Таким образом, Делож, несомненно, очень одаренный человек, едва ли мог создавать идеи или пускаться в логические рассуждения до того, как овладел языком жестов (которому, как это почти всегда бывало у глухих, он научился у другого глухого, в его случае у неграмотного глухонемого человека). Делож, несмотря на свой пытливый ум, оставался интеллектуальным инвалидом, пока не выучил язык жестов и в особенности не освоил то, что британский невролог Хьюлингс‑Джексон, через столетие, в отношении больных с афазией[20], назвал «пропозиционированием» (формированием суждений и высказываний). Этот вопрос стоит прояснить особо, приведя довольно обширную цитату из самого Хьюлингса‑Джексона[21]:

 

«Мы не говорим и не мыслим одними только словами и знаками, мы делаем это, определенным образом соотнося друг с другом слова и знаки. Без правильных взаимоотношений частей вербальное высказывание превратится в последовательность имен, в нагромождение слов, не являющееся суждением или предложением. Единица речи – это предложение. Потеря речи (афазия) является, следственно, потерей способности к составлению предложений, причем не только способности формировать произнесенные вслух предложения, но и способности формировать внутренние предложения. Бессловесный больной теряет речь не только в обиходном значении, то есть в смысле неспособности говорить вслух, но и в более общем смысле. Мы говорим не только для того, чтобы сообщить другим людям свои мысли, но и для того, чтобы сказать себе, что мы думаем. Речь – это часть мышления».

 

Вот почему выше я говорил о том, что ранняя или врожденная глухота намного опаснее, чем слепота. Дело в том, что глухота является состоянием, лишающим человека речи – то есть способности к составлению предложений и суждений, – что можно вполне сравнить с афазией, состоянием, при котором само мышление становится бессвязным и притупленным. Бессловесный глухой и в самом деле становится как бы умственно отсталым. Причем эта отсталость у него весьма особого свойства – он может обладать интеллектом, причем очень мощным, но этот интеллект заперт до тех пор, пока глухой лишен речи и языка. Аббат Сикар совершенно прав, когда поэтично пишет о том, что использование в обучении глухих языка жестов «впервые открывает двери темницы перед их интеллектом».
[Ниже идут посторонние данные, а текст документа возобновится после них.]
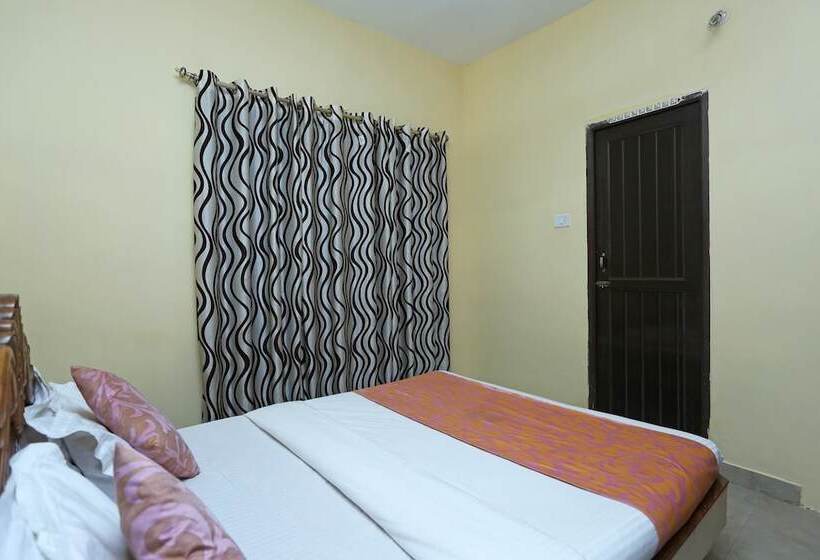 בית מלון כפרי Paradise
Нет более чудесного и славного деяния, чем раскрыть способности и дарования человека, дать ему возможность расти и мыслить, и никто не сказал об этом красноречивее внезапно освобожденного немого Пьера Деложа:

 

«Язык жестов, коим мы пользуемся в нашем общении, является верным образом выражаемого предмета, он великолепно подходит для точного выражения идей и усиливает нашу способность к оценкам, так как вырабатывает в нас привычку к постоянному наблюдению и анализу. Это живой язык: он придает облик чувству и развивает воображение. Ни один другой язык не в состоянии так живо передавать сильные эмоции».

 

Но даже де л’Эпе не знал или не мог поверить, что язык жестов является языком в полном смысле этого слова, языком, способным выразить не только эмоцию, но и любое предложение или суждение, языком, дающим своим носителям возможность обсуждать любые темы – конкретные или абстрактные – так же эффективно и грамматически упорядоченно, как и устная речь[22].

Это понимали, пусть даже не всегда отчетливо, носители языка жестов, но полноценность его всегда отрицалась слышащими и говорящими, которые при всех своих благих намерениях считали жесты чем‑то примитивным, считали сам язык жестов не более чем пантомимой. Подобное заблуждение разделял и де л’Эпе, его и сегодня разделяет подавляющее большинство слышащих. Мы, напротив, должны усвоить, что язык жестов ничем не уступает языку устному, что язык жестов пригоден для строгой речи и поэзии, для философского анализа и объяснения в любви. Причем язык жестов делает все это подчас с большей легкостью, чем язык устной речи. (В самом деле, если слышащие изучают язык жестов в качестве своего первого языка, то они зачастую используют его как предпочтительную альтернативу языку устной речи.)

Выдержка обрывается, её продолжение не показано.